The ROC curves for serum HMGB1 levels showed that patients with MPM had an AUC of 0.674 relative to those with benign asbestos-related diseases (asbestosis or pleural plaques) and those who were healthy despite asbestos exposure (95% CI: 0.589-0.758). At the optimal cut-off value of 9.0 ng/ml, diagnostic sensitivity was 34.4% and specificity was 100% (Figure 2A). The positive predictive value (PPV) was 100%, and the negative predictive value (NPV) was 52.9%. Serum HMGB1 concentrations of patients with MPM were significantly higher (median: 6.7, interquartile range: 4.8-11.0 ng/ml) than those of patients with benign asbestos-related diseases (asbestosis or pleural plaques) and healthy individuals (median: 5.4, interquartile range: 4.0-6.7 ng/ml) (p=0.001, Figure 2B). However, there were no significant differences between serum HMGB1 levels of MPM histological groups (sarcomatoid: (median: 4.9, interquartile range: 4.5-14.6 ng/ml, non- sarcomatoid: median: 6.7, interquartile range: 4.9-10.0ng/ml) (p=0.68) or different disease stages (stage I: median: 5.7, interquartile range: 5.5-7.3 ng/ml, stage II: median: 7.4, interquartile range: 4.9-9.9 ng/ml, stage III: median: 5.9, interquartile range: 4.7-6.2 ng/ml, and stage IV: median: 8.2, interquartile range: 4.5-12.7 ng/ml) and age (65≤: median: 6.2, interquartile range: 4.7-9.4 ng/ml and 65 years>: median: 6.9, interquartile range: 5.5-11.0 ng/ml, respectively). On the other hand, there were no significant differences between serum HMGB1 levels of MPM and patients with lung cancer involving malignant pleural effusion (n=11, age: 65.6 ± 5.8, male/female: 5/6, adenocarcinoma/ squamous cell carcinoma: 8/3) (median: 7.0, interquartile range: 5.5-10.4 ng/ml) (p=0.75).

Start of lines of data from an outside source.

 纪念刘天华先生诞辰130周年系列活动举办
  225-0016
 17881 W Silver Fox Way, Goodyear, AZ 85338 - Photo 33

We were able to closely follow-up 61 patients (median: 328, interquartile range: 176–501, min: 23, max: 1400 days). To study the relationship between serum HMGB1 levels and patients’ clinical courses, we separated patients based on their serum HMGB1 levels at the time of the first measurement. The first group included patients with serum HMGB1 levels lower than 9.0 ng/ml, the cut-off value that we used. In this group of 40 patients, the mean serum HMGB1 value was 5.4 ng/ml (interquartile range: 4.5-6.7). The other group included the remaining 21 patients with serum HMGB1 levels higher than 9.0 ng/ml, whose mean serum HMGB1 value was 27.4 ng/ml (interquartile range: 10.3-18.4). The difference in overall survival between the two groups was significant (p=0.03, Figure 3). Cox’s regression analysis was performed on 61 MPM patients for whom data on age, gender, histology, stage, and serum HMGB1 level were available, and an independent significant prognostic effect of serum HMGB1 level ( ≥9.0 ng/ml versus < 9.0 ng/ml; HR, 2.1; 95% CI: 1.0-4.4; p=0.05) and stage (IV≥ versus < I-III; HR, 2.6; 95% CI: 1.1-6.1; p=0.03) on survival was found.